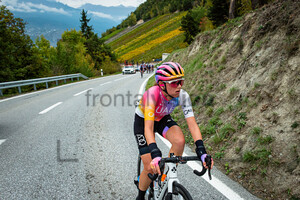 TOMASI Laura: Tour de Romandie - Women 2022 - 2. Stage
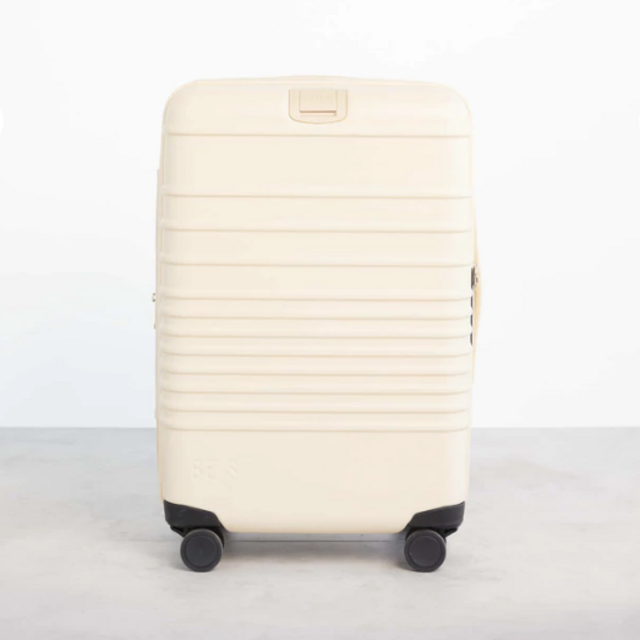 Beis Carry-On Roller in Beige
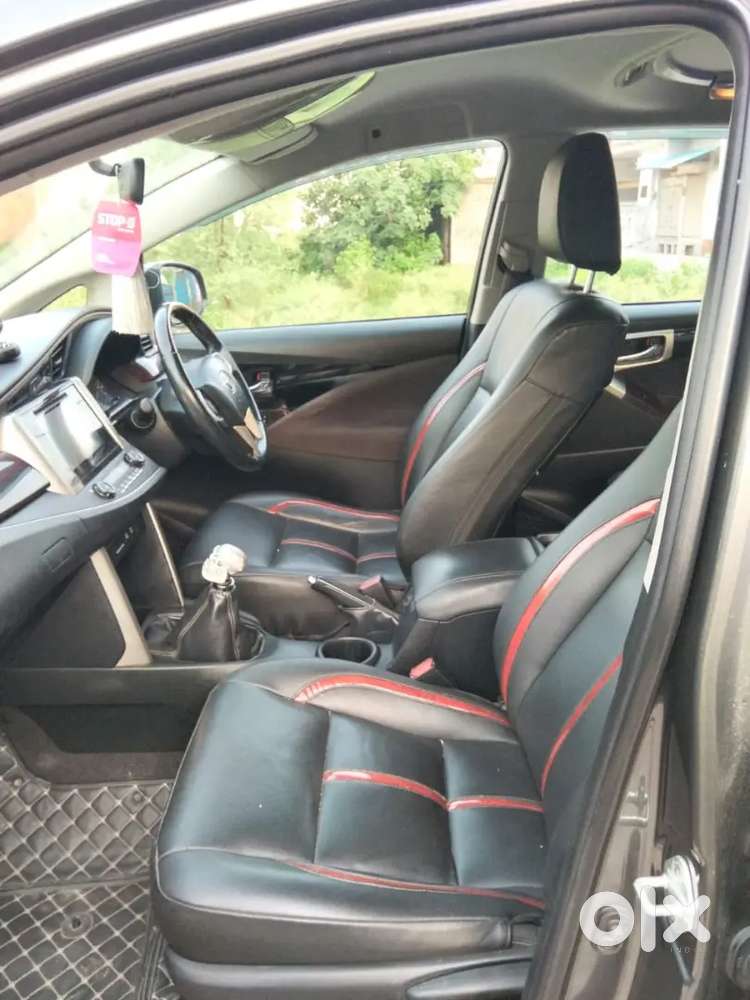 Toyota Innova Crysta Diesel 2016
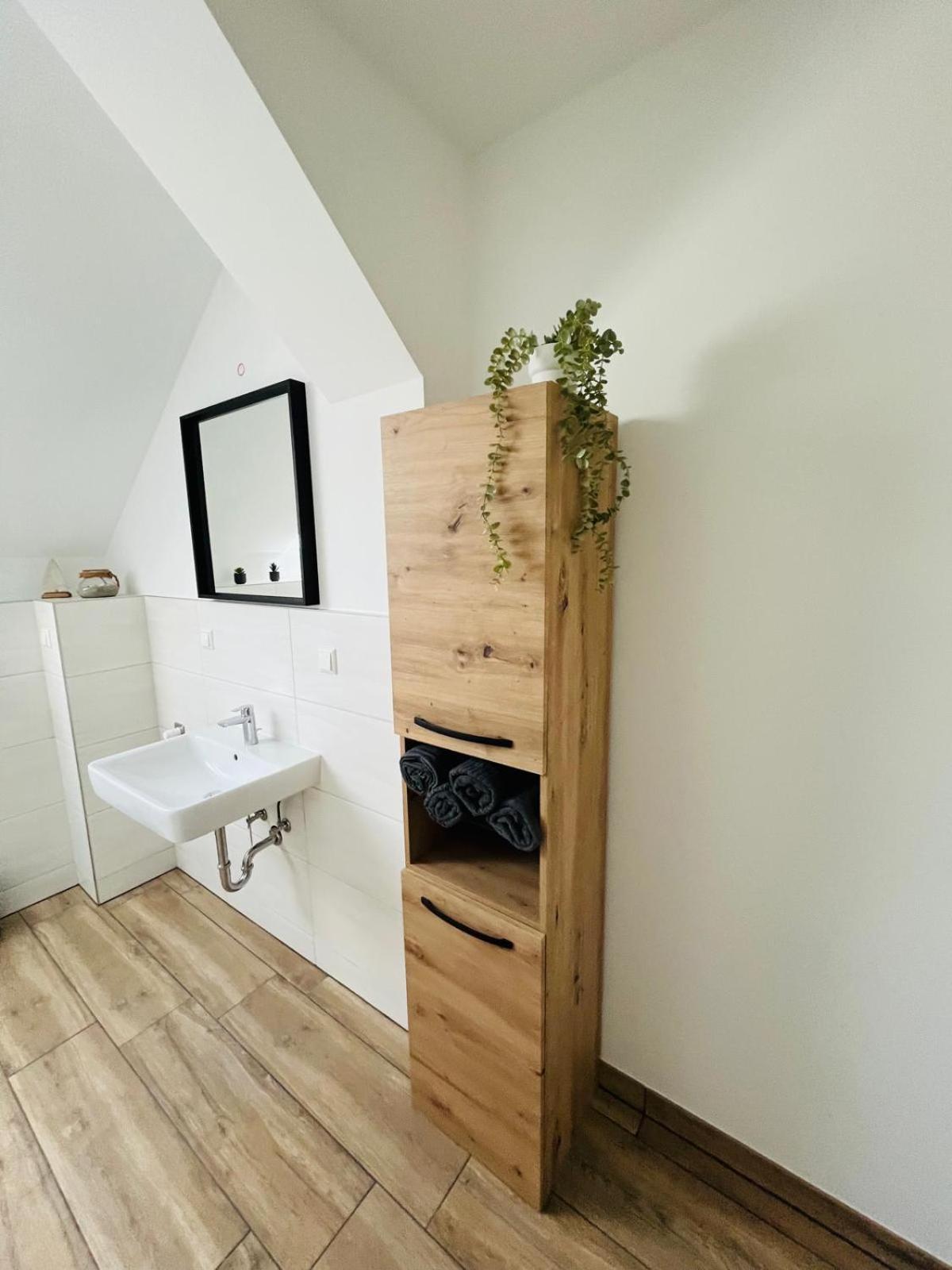 Gutshof Von Gemuenden Ferienwohnung 1 Bernau bei Berlin Exteriör bild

◆ TASK STATEMENT ◆
Would you return the data above exactly as written, minus the images?

◆ WRITTEN SOLUTION ◆
 TOMASI Laura: Tour de Romandie - Women 2022 - 2. Stage
 Beis Carry-On Roller in Beige
 Toyota Innova Crysta Diesel 2016
 Gutshof Von Gemuenden Ferienwohnung 1 Bernau bei Berlin Exteriör bild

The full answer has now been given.